The legal profession is in the midst of change. With new technology and an influx of international firms into the local market, clients are searching for law firms with dynamic, flexible, and transparent ways of working.
Gadens Lawyers is part of the new generation of law firms responding to the changing market and reinventing ways of working with clients. So it’s no surprise that the new fit-out for its Brisbane office is challenging the usual office structure.
Designed by international design firm, HASSELL, Gadens’ new Brisbane office is beautiful, practical and innovative. Large internal walls made of glass transmit light into the very centre of the workplace. Remarkably, the glass walls are movable.
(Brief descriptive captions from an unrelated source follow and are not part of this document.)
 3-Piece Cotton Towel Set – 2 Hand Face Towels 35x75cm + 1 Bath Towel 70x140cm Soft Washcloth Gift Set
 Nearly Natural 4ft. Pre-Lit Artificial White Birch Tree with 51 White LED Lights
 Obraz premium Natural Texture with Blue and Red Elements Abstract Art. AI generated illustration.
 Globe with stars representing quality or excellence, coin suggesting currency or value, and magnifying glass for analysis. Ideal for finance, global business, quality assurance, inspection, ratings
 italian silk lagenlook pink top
This helps the firm’s 350 staff, including 34 partners work flexibly in response to clients’ needs.
Partner Paul Spiro, who spearheaded the design from Gadens’ perspective, explains how the design works: “We recently expanded our banking team, which meant deconstructing six offices and replacing them with 10 open plan spaces. We did that over a weekend! And even better, we retained the office accommodation component for later installation.”
The move to new premises was the ideal opportunity to update the Gadens fit-out to better reflect the culture of the firm, Spiro says. “Rather than have the fit-out dictate our culture, we decided to reverse that and use our culture to influence the design. Gadens prides itself on its friendly and open culture. Our new layout, with its glass walls and wide-open spaces, enhances that environment perfectly.”
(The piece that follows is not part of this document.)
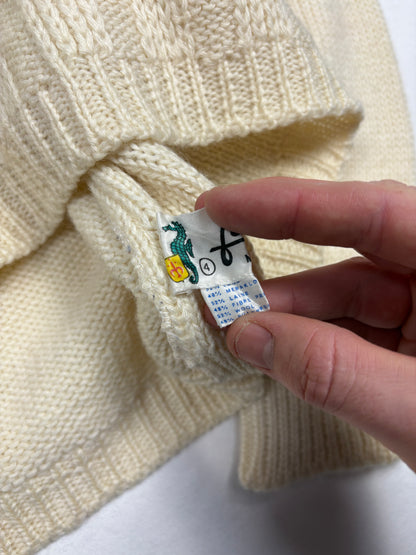 Vintage Italian Made Cream Roll Neck Fishermans Knit Jumper (women's S)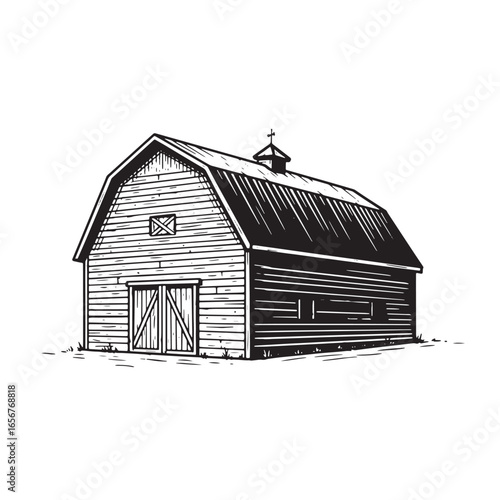 A detailed black and white barn illustration depicting rustic farm structure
This is an approach that HASSELL Director, Kirsti Simpson embraced. “Gadens as a practice is not scared about challenging standard conventions,” she says.
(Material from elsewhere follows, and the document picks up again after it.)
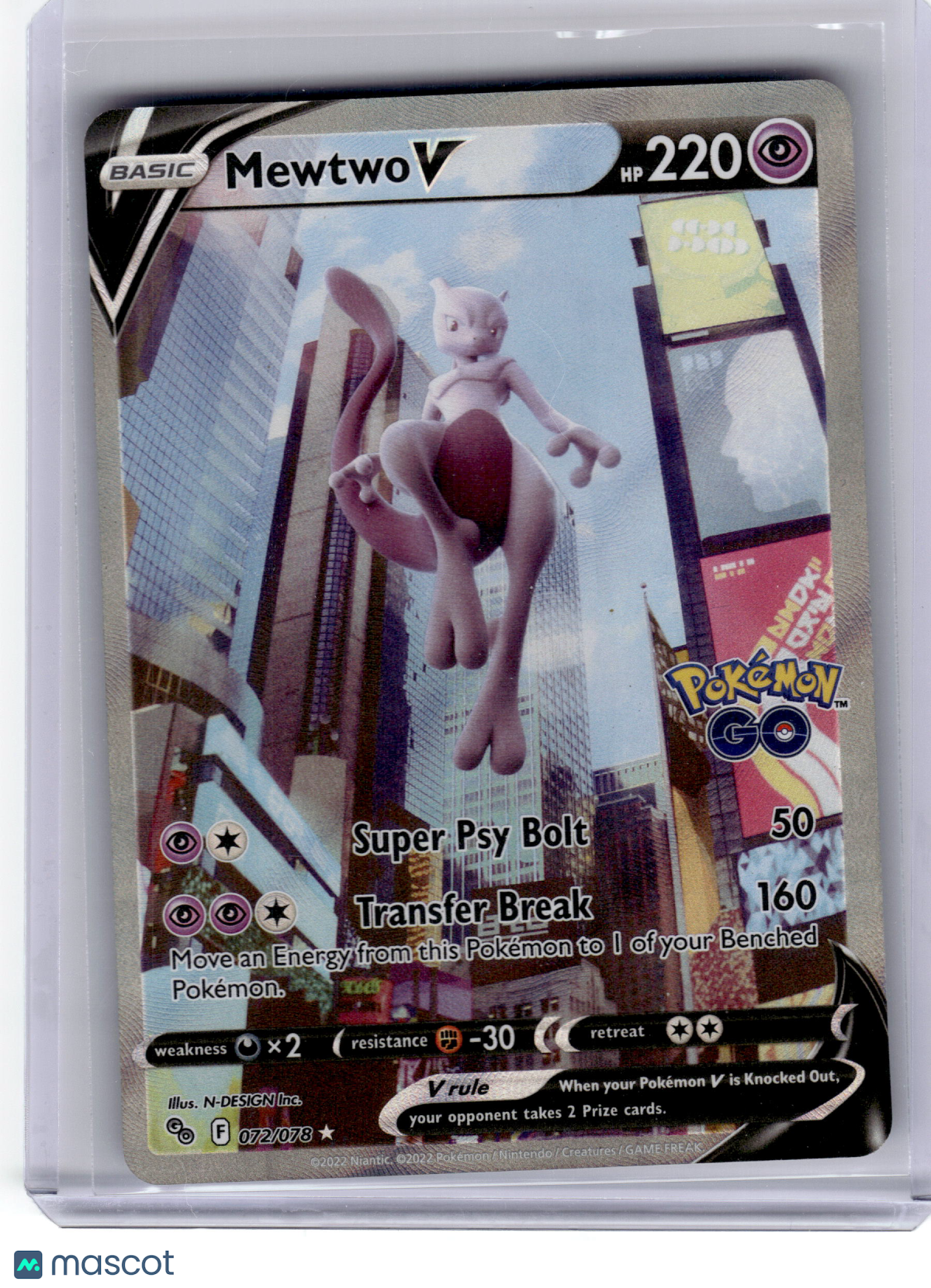 2022 Pokemon Mewtwo V Pokémon GO Rare Holo #72 Lightly Played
The design has another aspect that is unusual in law firms: the support staff sit closest to the building’s façade. “In a typical law firm, the partners and senior lawyers are given the window-facing offices and the support functions take a back seat, literally, near the core of the building,” Spiro says. “We wanted to reverse this traditional approach and decided to move the partners and solicitors into the core of the building and move the open-plan area for the supporting staff towards the façade. But all of those built zones are four walls of glass. The built zones do not obstruct light transmission.”
This layout has vastly increased the flow of light into the building and added to the open and inviting atmosphere.
Gadens professional staff embraced the idea, somewhat to Spiro’s surprise. “We anticipated a lot of resistance when first announcing these plans to the partners. However when we explained the strategy for this decision and when people settled into their new offices, they were overwhelmingly happy, even those senior partners that may have lost their corner office with previously sweeping city views.”
The result is a more productive and satisfied workforce, but Simpson still thinks the decision took some guts. “The practice is a progressive and exciting one. The space represents this bravery,” she says.
Simpson sums up the project. “The legal sector has changed significantly over the last 10 years. This space is more transparent, collaborative and less hierarchical, all representative of the evolution of the legal profession.”